Johnny Goth — RISE
Johnny Goth’s “RISE” demands to be felt. There is nothing overcomplicated about it, but it never feels bare—everything sits exactly where it should. The tone is soft but immersive, creating a space that’s easy to fall into without needing to question it. It’s the kind of track that doesn’t have to beg for attention because it already has it.
There’s something deceptive about how controlled the track is. The song never signals that it’s building toward anything, and it doesn’t guide the listener in a traditional way. It flattens expectation, smoothing everything out so there’s no clear direction to follow. Because of that, it’s easy to miss that anything is changing at all—the movement is so subtle it feels hidden rather than absent.
For most of its runtime, “RISE” feels deliberately grounded, almost to the point of stagnation. But the outro shifts everything. Without dramatically changing pace or intensity, the music begins to open, stretch, and lift, creating a subtle but deniable sense of ascension. This isn’t something the song tells you; it’s something you feel.
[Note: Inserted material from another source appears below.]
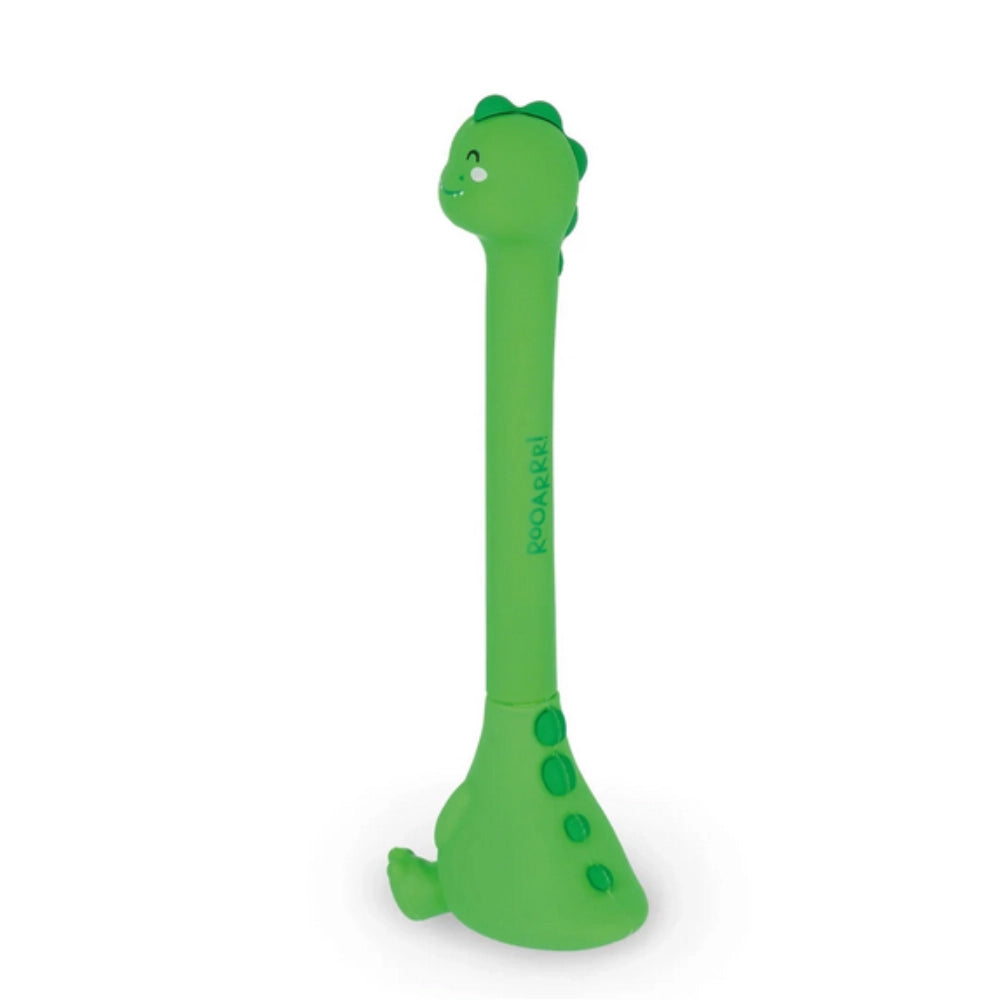 Penna a Sfera Dino con Base — Stand-Ink Ovation Legami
The rise isn’t in the lyrics or the structure leading up to it—it exists purely in the sound itself, as if the track has been quietly building toward a release it only allows in its final moments.
In that way, “RISE” earns its title late. The ascension isn’t immediate. It’s delayed. What initially feels like stillness becomes something closer to suspension, and then finally, release. The track doesn’t climb in the way you expect it to. It just lets go.